Some implementations disclosed in this document involve the use of machine learning to build neural networks that can automatically realize structure and tunings of heuristics to control and aid the filters. Some novel implementations of these machine learning algorithms in the form of recurrent neural networks called Gated Adaptive Filters (GAFs) are disclosed herein. In some disclosed examples, GAFs are curated for learning filter-related heuristics by controlling the flow of information over long sequences of data for each of a plurality of hypothesis filtering systems. In this context, a “long sequence of data” may be a sequence of data during a time interval of multiple seconds (such as 5 seconds, 10 seconds, 15 seconds, 20 seconds, 25 seconds, 30 seconds, 35 seconds, 40 seconds, 45 seconds, 50 seconds, 55 seconds, 60 seconds, 65 seconds, 70 seconds, 75 seconds, 80 seconds, 85 seconds, 90 seconds, 95 seconds, 100 seconds, 105 seconds, 110 seconds, 115 seconds, etc.) or during a time interval of multiple minutes (such as 2 minutes, 3 minutes, 4 minutes, 5 minutes, 6 minutes, 7 minutes, 8 minutes, etc.). According to some such examples, GAFs can improve the learning of such heuristics because their gated nature of retain, adapt and reset of information is fully compatible with the control mechanism of filter coefficients in a multi-hypothesis adaptive filter scheme. In some such examples, a GAF-based multi-hypothesis adaptive filter scheme may be designed to optimize audio device performance responsive to disturbances in the audio environment.

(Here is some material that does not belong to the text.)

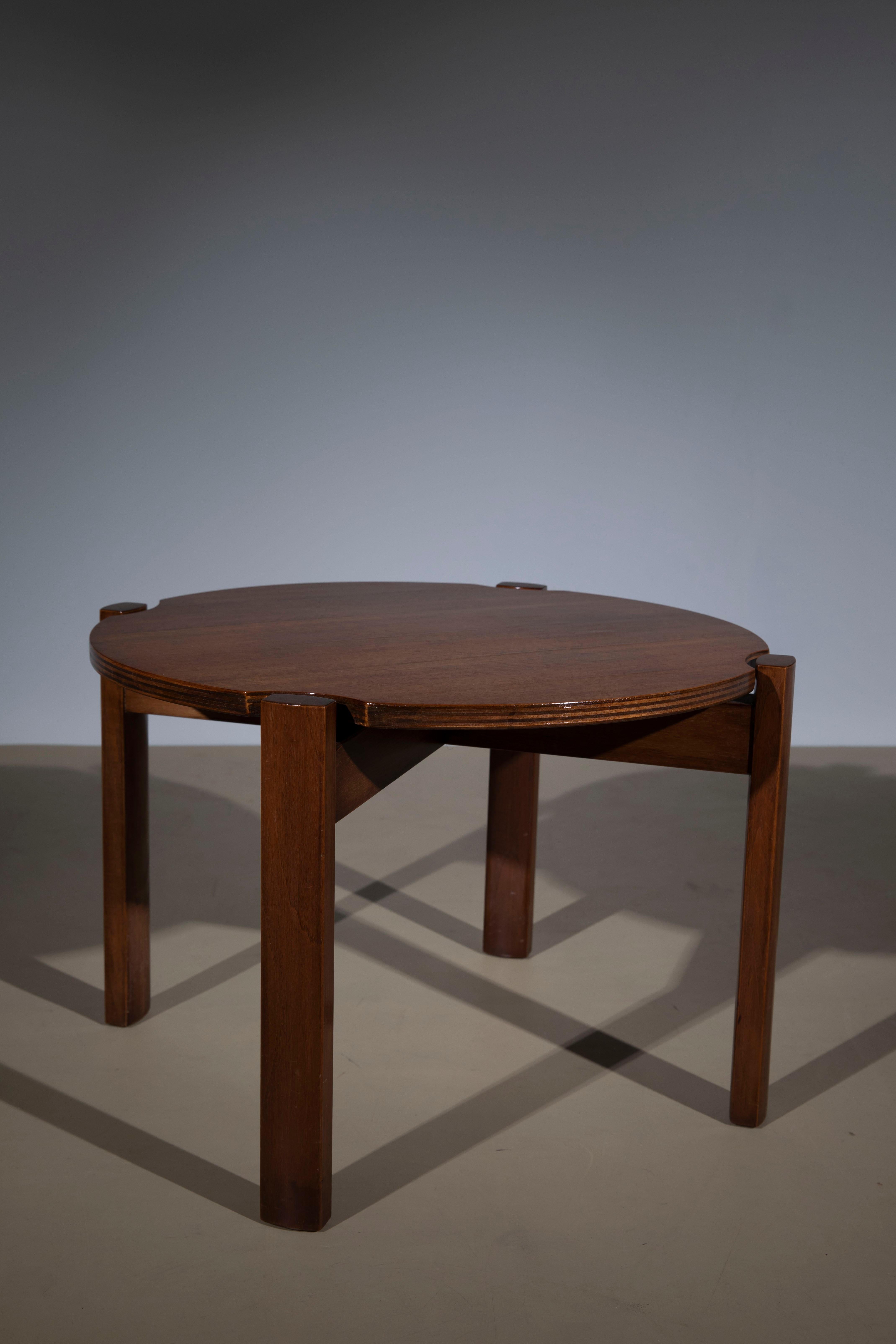 Mid-Century Modern Table basse avec plateau en contreplaqué, fabrication italienne, années 1960 en vente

Devices that are configured to listen during the playback of content will typically employ some form of echo management, such as echo cancellation and/or echo suppression, to remove the “echo” (the content played back by audio devices in the audio environment) from microphone signals. Any continuous listening task, such as waiting for a wakeword or performing any kind of “continuous calibration,” should continue to function when audio devices are playing back content corresponding to music, movies, etc., and when audio device interactions (such as interactions between a person and an audio device that is implementing a voice assistant, at least in part) take place. In addition to this, active noise cancellation and or suppression along with beamforming and dereverberation technologies can further enhance the quality of the microphone signal for downstream applications.

FIG. 1A shows an example of an audio environment. As with other figures provided herein, the types and numbers of elements shown in FIG. 1A are merely provided by way of example. Other implementations may include more, fewer and/or different types and numbers of elements.

According to this example, the audio environment 100 includes audio devices 110A, 110B, 110C and 110D. In this example, each the audio devices 110A-110D includes a respective one of the microphones 120A, 120B, 120C and 120D, as well as a respective one of the loudspeakers 121A, 121B, 121C and 121D. According to some examples, each the audio devices 110A-110D may be a smart audio device, such as a smart speaker. In this example, the audio devices 110A-110D are configured to listen for a command or wakeword within the audio environment (100).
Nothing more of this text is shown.